**Task brief**
Exactly as written, return every line of the data below apart from the pictures.

**Recorded information**
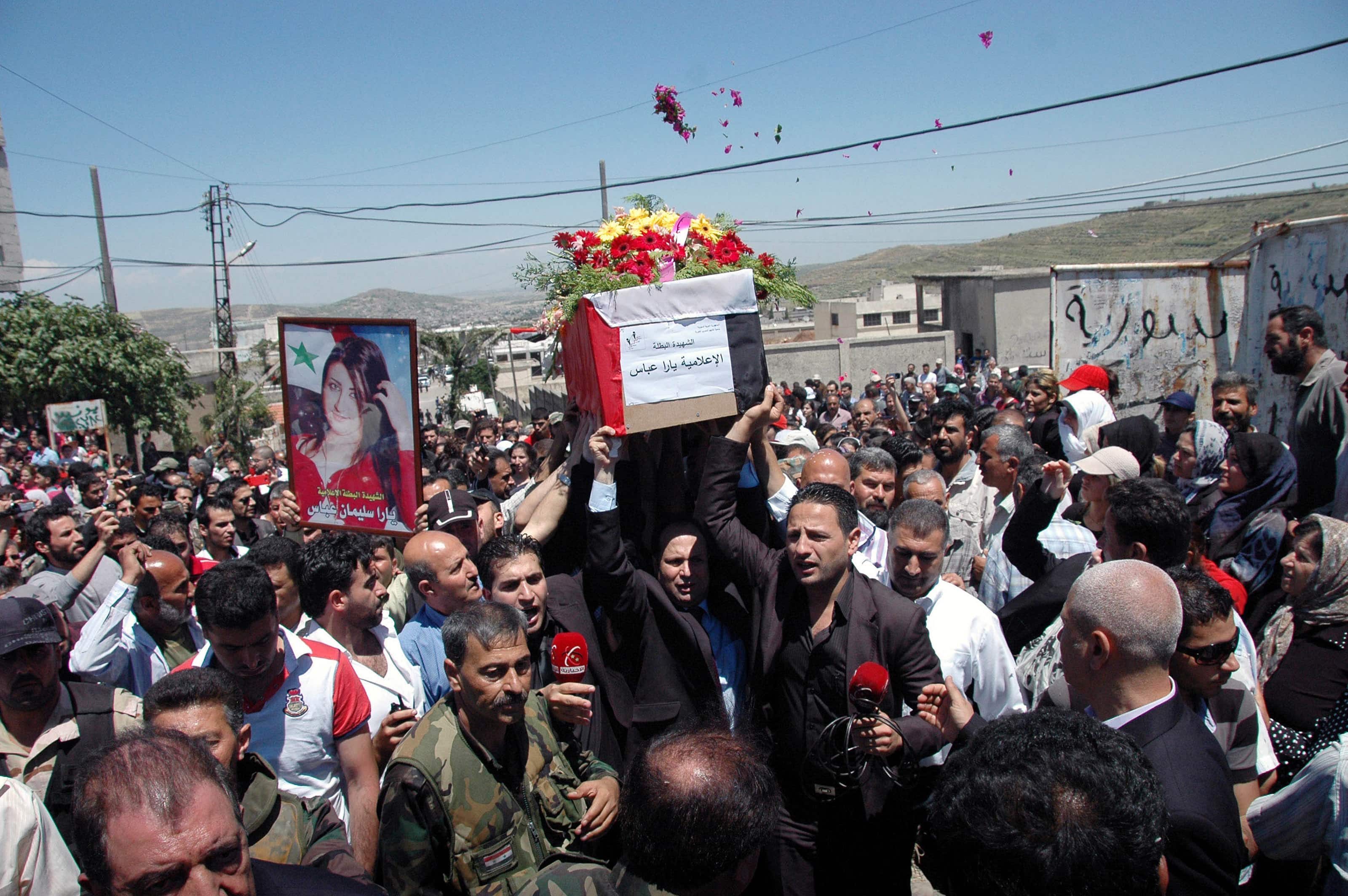 Mourners carry the coffin of Yara Abbas, a reporter for the al-Ikhbariya news channel, during her funeral in Nisyaf village in the countryside of Hama city on 28 May 2013, SANA/Handout via Reuters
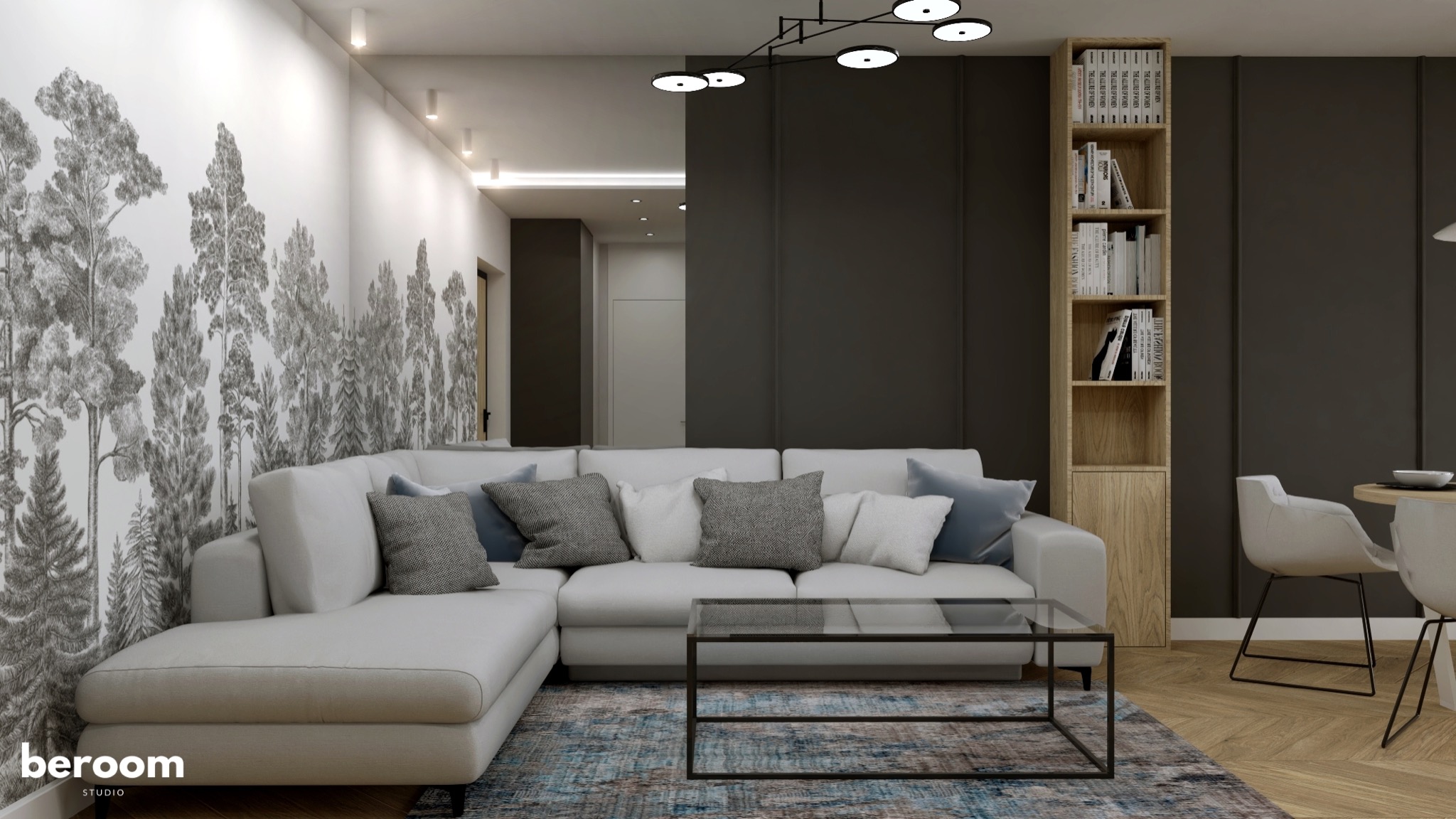 Jasny narożnik z szarymi poduszkami na tle ściany z motywem leśnym, szara ściana z regałem na książki, szklany stolik kawowy i parkiet na podłodze.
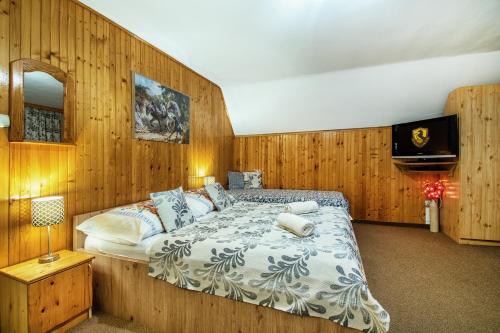 um quarto com uma cama grande e paredes de madeira em Penzión Ciriak em Ždiar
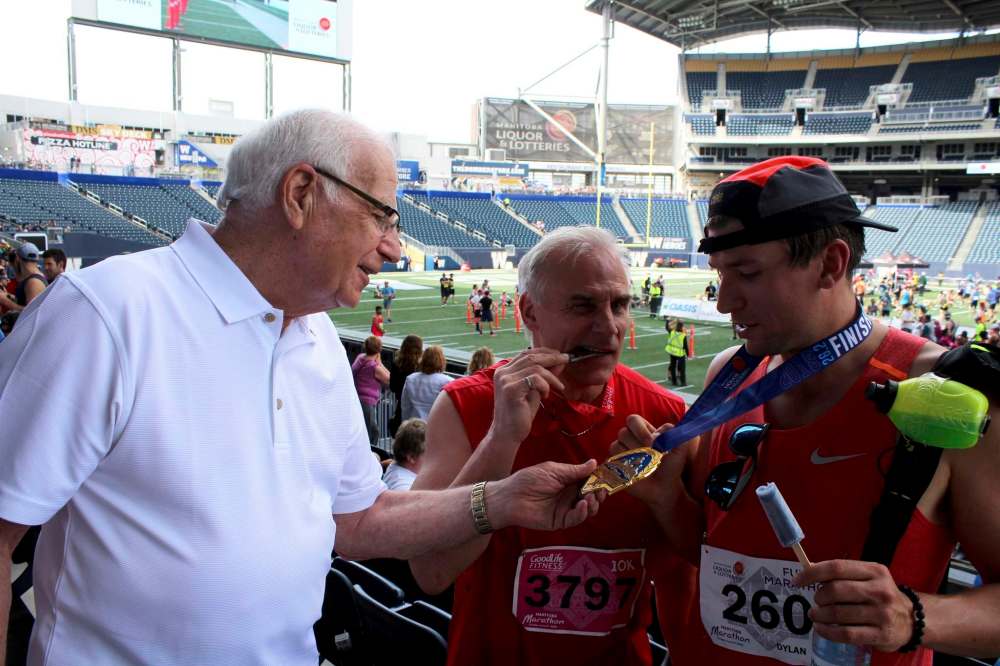 Arie Bronk, 81, touches his grandson Dylan Bronk's Manitoba Marathon medal Sunday as Bob Bronk, 58, bites his 10-km medal.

**Result for this exercise**
 Mourners carry the coffin of Yara Abbas, a reporter for the al-Ikhbariya news channel, during her funeral in Nisyaf village in the countryside of Hama city on 28 May 2013, SANA/Handout via Reuters
 Jasny narożnik z szarymi poduszkami na tle ściany z motywem leśnym, szara ściana z regałem na książki, szklany stolik kawowy i parkiet na podłodze.
 um quarto com uma cama grande e paredes de madeira em Penzión Ciriak em Ždiar
 Arie Bronk, 81, touches his grandson Dylan Bronk's Manitoba Marathon medal Sunday as Bob Bronk, 58, bites his 10-km medal.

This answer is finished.